The tale is told of Rabbi Simcha Bunem of Pshiskhe פשיסחא, a Hasidic leader in the early 19th century. Everyone must have two pockets, he taught, with a piece of paper in each pocket. When you’re feeling depressed, or discouraged you reach into one pocket and pull out the paper that say “”For my sake was the world created.” (M. Sanh. 4:5).” That should cheer you up. On the other hand, said Simcha Bunem, if you’re feeling high and mighty, you should reach into your other pocket and pull out the paper that quotes the Torah “I am but dust and ashes.” (Gen 18:27)

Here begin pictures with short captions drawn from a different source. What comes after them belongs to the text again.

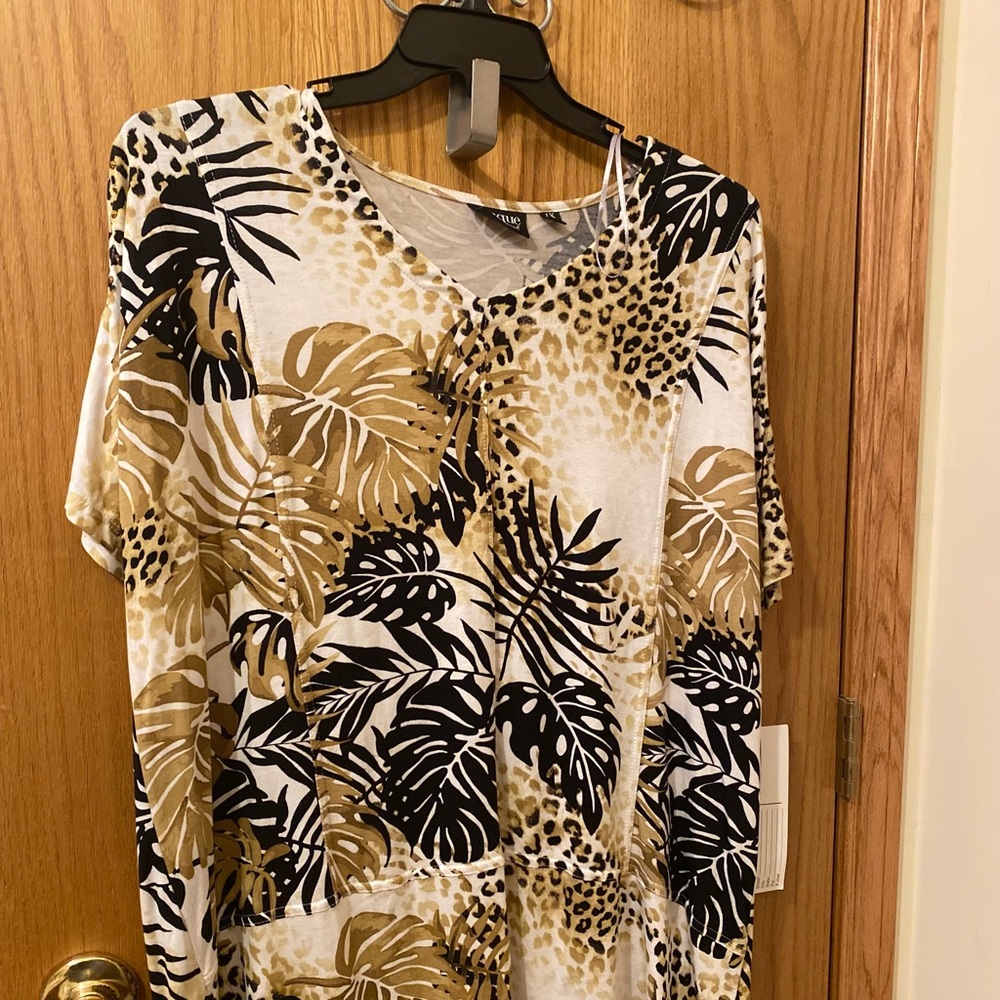 1X NWT Onque Casuals Cold short sleeved top.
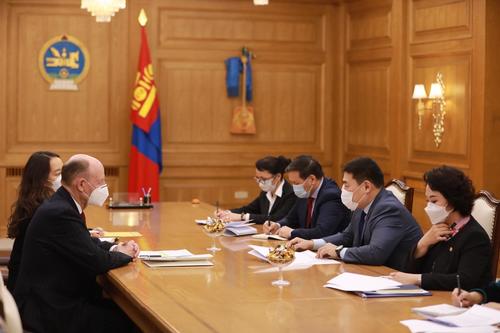 “Стратегийн түншлэл”-д хүргэхийн төлөө бүх талаар идэвхтэй хамтарч ажиллана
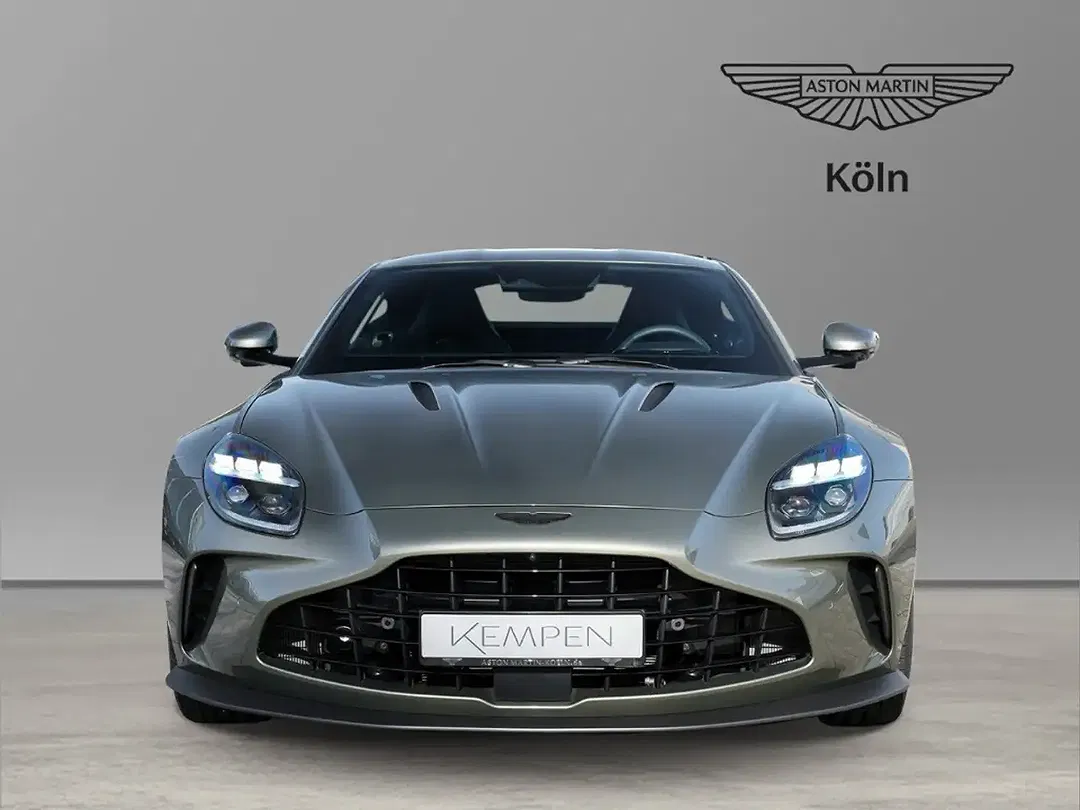 Aston Martin Vantage - Thumbnail 9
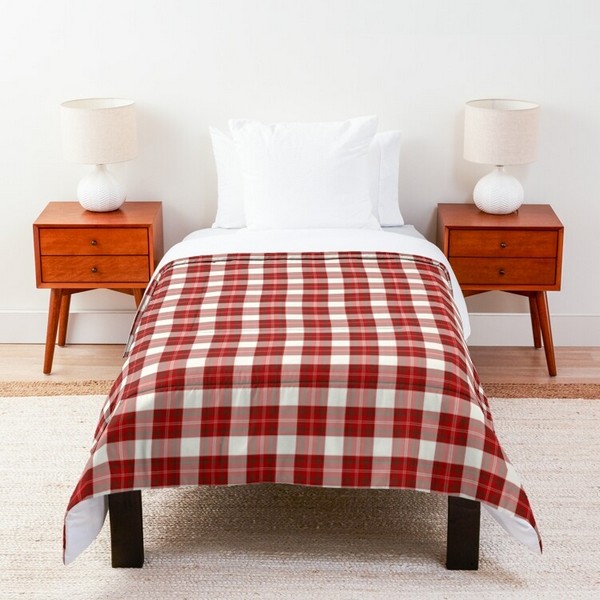 Ross District tartan comforter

Our prayer book must support us in our highs, and in our lows. At this time of year, more than any other, we are willing to those lows. Our failings. The notion of T’shuvah, or turning in repentance, is the key motif of the season. If we open our 21st century hearts to the words we shall encounter, we shall be comforted in our low status, and exalted to improve our conduct. Our prayer book will remind us of the universality of the miserable moments and occasions and events and situations humans find themselves in, and shall encourage us to be understanding of our own humanity, and the humanity of those who inevitably will annoy, insult, hurt, or injure us.
Our prayer book, in and of itself, will not bring us to the high point of spiritual enlightenment. It will not unlock the heavenly gates of repentance. It will not make you a better Jew, or a better person. It is a tool, a key: it is a key that may possibly, just possibly, unlock your soul.
May this volume in our hands, which each one of us has the merit of using for the first time, be for us that key. May our souls be opened up for good for the coming year, and ever more.